FilippoBacci//Getty ImagesThe Brooklyn Bridge is considered an iconic landmark in New York City. Designed by Prussian immigrant John A. Roebling, it features Gothic double arches, criss-crossed steel cables, and has separate lanes for cyclists and pedestrians. Completed in 1883, the bridge connects Brooklyn to Manhattan and remains a picturesque route between the two boroughs.
Annie SchlechterColonial Williamsburg is a living history museum that offers an immersive experience of colonial America during the 18th century. Visitors can explore historic trades, admire a collection of American folk art, and engage in conversations with "founding fathers." The site also offers excellent hotel and dining options for a complete experience.
American Civil War Museum (Richmond, Virginia)
The American Civil War Museum in Richmond, Virginia, aims to tell the story of the Civil War from multiple perspectives. Exhibits feature narratives from soldiers and civilians on both the Confederate and Union sides. The museum's main exhibition, "A People's Contest: Struggles for Nation and Freedom in Civil War America," provides insights from women, enslaved African-Americans, Native Americans, and others involved in the war.
Atlantide Phototravel//Getty ImagesJackson Square, located in the heart of New Orleans's French Quarter, is a historic landmark with roots dating back to 1721. Designed to resemble Paris's Place des Vosges, this beautiful locale has witnessed battles, executions, weddings, and various forms of entertainment throughout history. Today, it is a gathering place for local artists to showcase their works, and visitors can enjoy world-famous beignets from Cafe du Monde.
Situated just a short train ride from Naples, Pompeii is an ancient city that met a tragic fate when it was covered in volcanic ash.

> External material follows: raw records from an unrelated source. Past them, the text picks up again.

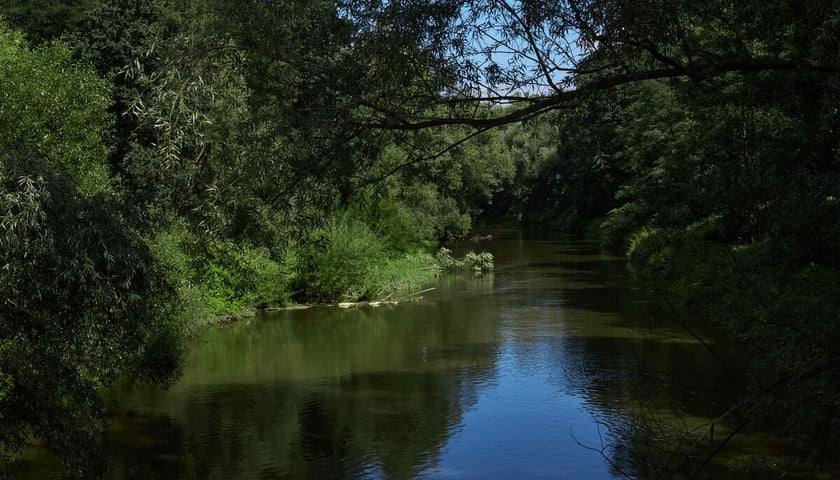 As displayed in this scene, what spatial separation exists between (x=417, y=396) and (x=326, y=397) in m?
1.93

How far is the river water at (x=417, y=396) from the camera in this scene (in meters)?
13.3

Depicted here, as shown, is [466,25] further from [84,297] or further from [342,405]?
[342,405]

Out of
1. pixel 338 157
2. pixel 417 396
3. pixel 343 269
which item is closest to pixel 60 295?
pixel 338 157

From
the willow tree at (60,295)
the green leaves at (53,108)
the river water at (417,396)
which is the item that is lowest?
the river water at (417,396)

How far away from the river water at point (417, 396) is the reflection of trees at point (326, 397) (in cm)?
5

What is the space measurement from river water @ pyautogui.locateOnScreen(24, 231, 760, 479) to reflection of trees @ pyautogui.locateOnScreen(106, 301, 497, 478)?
49 mm

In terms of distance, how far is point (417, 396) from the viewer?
17.3 meters

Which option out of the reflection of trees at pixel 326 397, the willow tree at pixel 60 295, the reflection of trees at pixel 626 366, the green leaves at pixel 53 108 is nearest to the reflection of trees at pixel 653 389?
the reflection of trees at pixel 626 366

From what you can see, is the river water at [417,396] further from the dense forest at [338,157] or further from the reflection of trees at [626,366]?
the dense forest at [338,157]

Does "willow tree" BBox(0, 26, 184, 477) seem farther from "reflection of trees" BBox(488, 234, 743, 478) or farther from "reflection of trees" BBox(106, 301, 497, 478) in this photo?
"reflection of trees" BBox(488, 234, 743, 478)

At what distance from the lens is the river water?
13273mm

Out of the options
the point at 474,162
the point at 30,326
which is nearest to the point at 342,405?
the point at 30,326

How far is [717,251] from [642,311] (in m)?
3.49

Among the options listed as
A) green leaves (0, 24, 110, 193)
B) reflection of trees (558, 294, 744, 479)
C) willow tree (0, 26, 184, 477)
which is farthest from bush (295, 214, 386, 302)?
willow tree (0, 26, 184, 477) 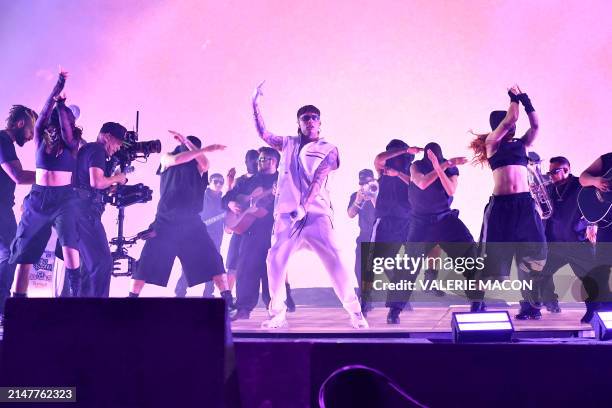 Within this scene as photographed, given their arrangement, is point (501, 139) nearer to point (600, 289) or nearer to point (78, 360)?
point (600, 289)

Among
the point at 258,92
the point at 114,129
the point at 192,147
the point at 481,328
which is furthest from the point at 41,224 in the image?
the point at 481,328

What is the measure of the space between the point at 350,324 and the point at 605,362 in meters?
2.61

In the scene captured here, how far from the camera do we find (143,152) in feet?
17.0

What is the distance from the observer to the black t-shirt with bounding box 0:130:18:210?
5148 mm

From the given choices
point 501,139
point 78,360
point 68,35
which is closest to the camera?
point 78,360

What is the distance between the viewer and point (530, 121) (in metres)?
4.93

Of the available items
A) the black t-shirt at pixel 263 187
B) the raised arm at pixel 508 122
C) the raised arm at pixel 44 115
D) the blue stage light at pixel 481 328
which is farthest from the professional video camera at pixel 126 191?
the blue stage light at pixel 481 328

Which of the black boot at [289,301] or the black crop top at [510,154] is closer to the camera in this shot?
the black crop top at [510,154]

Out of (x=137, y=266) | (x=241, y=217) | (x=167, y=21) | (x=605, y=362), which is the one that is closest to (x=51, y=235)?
(x=137, y=266)

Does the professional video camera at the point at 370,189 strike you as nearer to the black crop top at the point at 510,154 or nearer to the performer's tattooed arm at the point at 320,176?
the performer's tattooed arm at the point at 320,176

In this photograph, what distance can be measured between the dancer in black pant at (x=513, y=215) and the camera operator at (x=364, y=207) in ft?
3.36

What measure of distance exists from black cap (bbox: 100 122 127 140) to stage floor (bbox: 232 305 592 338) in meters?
1.98

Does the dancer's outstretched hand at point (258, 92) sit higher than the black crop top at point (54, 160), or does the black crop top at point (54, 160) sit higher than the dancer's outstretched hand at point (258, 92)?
the dancer's outstretched hand at point (258, 92)

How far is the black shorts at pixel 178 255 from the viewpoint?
16.5ft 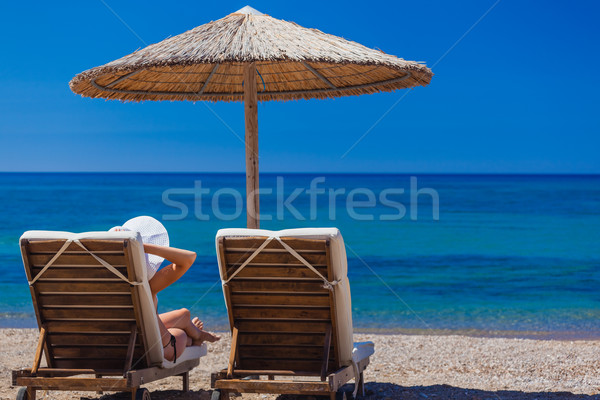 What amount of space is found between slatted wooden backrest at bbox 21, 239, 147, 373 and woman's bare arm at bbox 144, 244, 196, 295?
0.25m

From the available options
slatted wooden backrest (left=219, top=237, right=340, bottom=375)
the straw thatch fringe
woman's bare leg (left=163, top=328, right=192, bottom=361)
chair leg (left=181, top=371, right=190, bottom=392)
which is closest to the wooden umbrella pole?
the straw thatch fringe

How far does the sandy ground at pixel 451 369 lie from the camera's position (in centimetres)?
406

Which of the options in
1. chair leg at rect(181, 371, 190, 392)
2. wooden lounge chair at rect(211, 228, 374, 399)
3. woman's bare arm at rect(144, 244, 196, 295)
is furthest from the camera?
chair leg at rect(181, 371, 190, 392)

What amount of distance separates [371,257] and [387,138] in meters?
41.1

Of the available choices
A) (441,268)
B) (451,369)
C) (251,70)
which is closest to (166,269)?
(251,70)

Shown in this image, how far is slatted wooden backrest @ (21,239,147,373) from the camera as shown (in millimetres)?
3201

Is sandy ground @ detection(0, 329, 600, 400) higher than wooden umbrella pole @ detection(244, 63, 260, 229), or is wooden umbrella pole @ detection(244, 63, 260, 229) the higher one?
wooden umbrella pole @ detection(244, 63, 260, 229)

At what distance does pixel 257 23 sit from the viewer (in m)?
4.23

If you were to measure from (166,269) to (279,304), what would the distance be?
698mm

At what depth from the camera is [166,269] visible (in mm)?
3547

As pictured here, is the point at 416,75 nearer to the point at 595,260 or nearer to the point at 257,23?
the point at 257,23

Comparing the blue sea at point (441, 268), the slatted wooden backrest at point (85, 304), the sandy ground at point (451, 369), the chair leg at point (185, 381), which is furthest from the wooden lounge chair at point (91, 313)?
the blue sea at point (441, 268)

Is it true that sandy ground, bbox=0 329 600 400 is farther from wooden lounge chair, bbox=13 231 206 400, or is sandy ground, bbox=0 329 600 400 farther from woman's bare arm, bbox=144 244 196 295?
woman's bare arm, bbox=144 244 196 295

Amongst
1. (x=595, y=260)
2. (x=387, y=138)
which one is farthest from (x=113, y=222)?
(x=387, y=138) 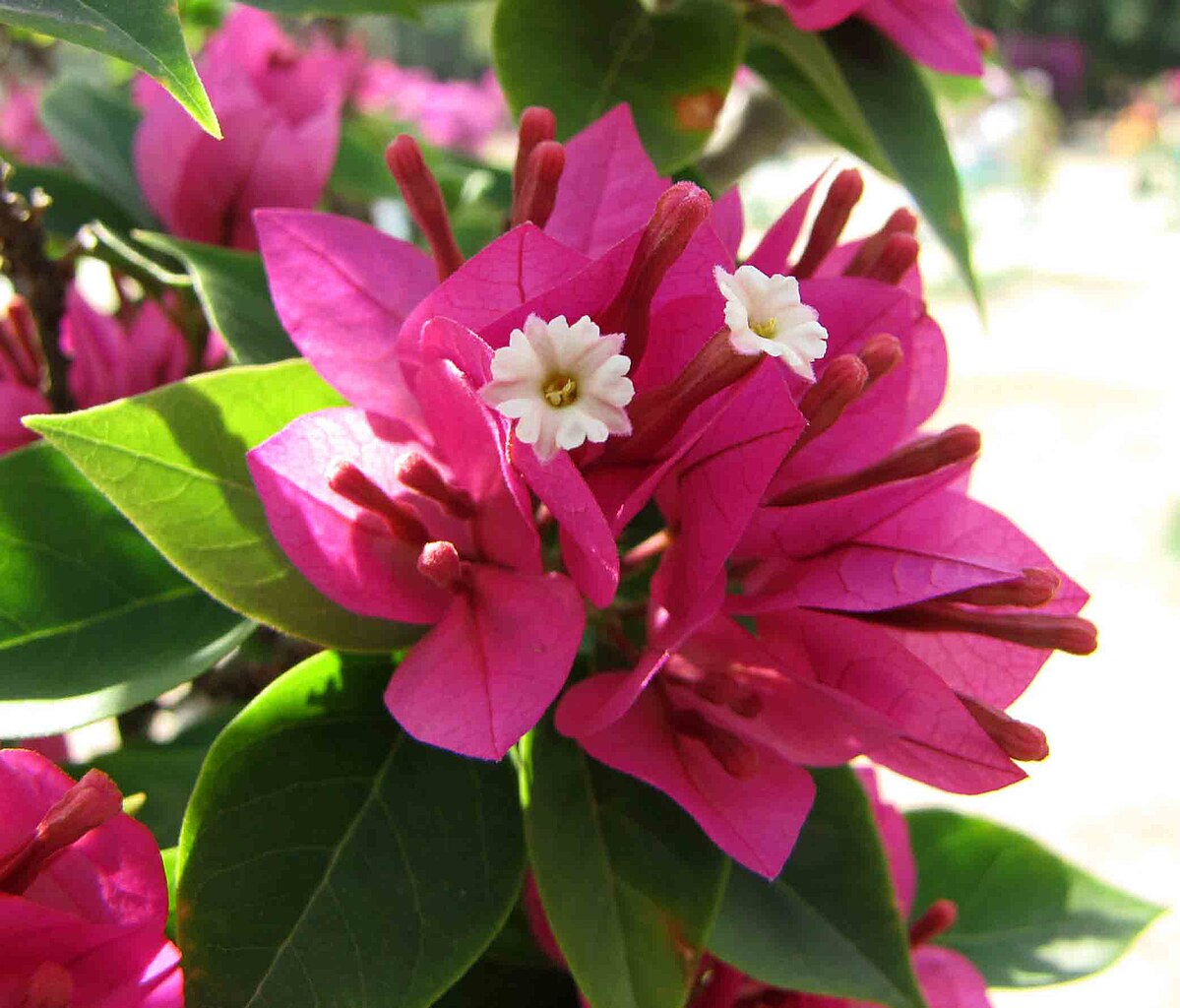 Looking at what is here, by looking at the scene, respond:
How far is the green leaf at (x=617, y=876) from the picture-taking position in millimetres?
360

This catastrophic event preserved the city as it stood on the day of Mount Vesuvius' eruption in 79 CE. As you wander through Pompeii, you can explore Roman homes, villas, baths, and businesses. Many of these spaces still hold pots, vases, and beautiful frescoes. Additionally, you can encounter the hauntingly powerful casts of victims trapped in ash at the moment of their demise.
Admission to Pompeii is priced at 16 EUR, and for a more immersive experience, a guided tour with a professional archaeologist is available for 59 EUR.
Where to Stay: Hostel of the Sun - This cozy, award-winning hostel in Naples offers private and dorm rooms, as well as complimentary breakfast each morning.
To begin planning your trip, I recommend reading my budget travel guide to Pompeii!
***The world is filled with numerous remarkable historical sites, and while these are the best, there are many other destinations worth exploring. Take the time to research and create your own list! The more we learn about and understand the past, the better equipped we are to comprehend the present actions of individuals. Visiting these attractions and delving into our history facilitates this understanding and aids us in moving forward.
These are just a few of the world's most captivating historical landmarks, each carrying with it a rich tapestry of stories and an undeniable sense of awe. From the ancient wonders of Chichén Itzá and the Pyramids at Giza to the modern marvels of One World Observatory and the National September 11 Memorial & Museum, these sites remind us of the incredible feats accomplished by human hands and the impact they have had on our shared history. So, whether you have a passion for ancient civilizations, a curiosity about pivotal moments in American history, or simply a thirst for adventure, these historical landmarks are waiting to be explored and their stories to be unraveled.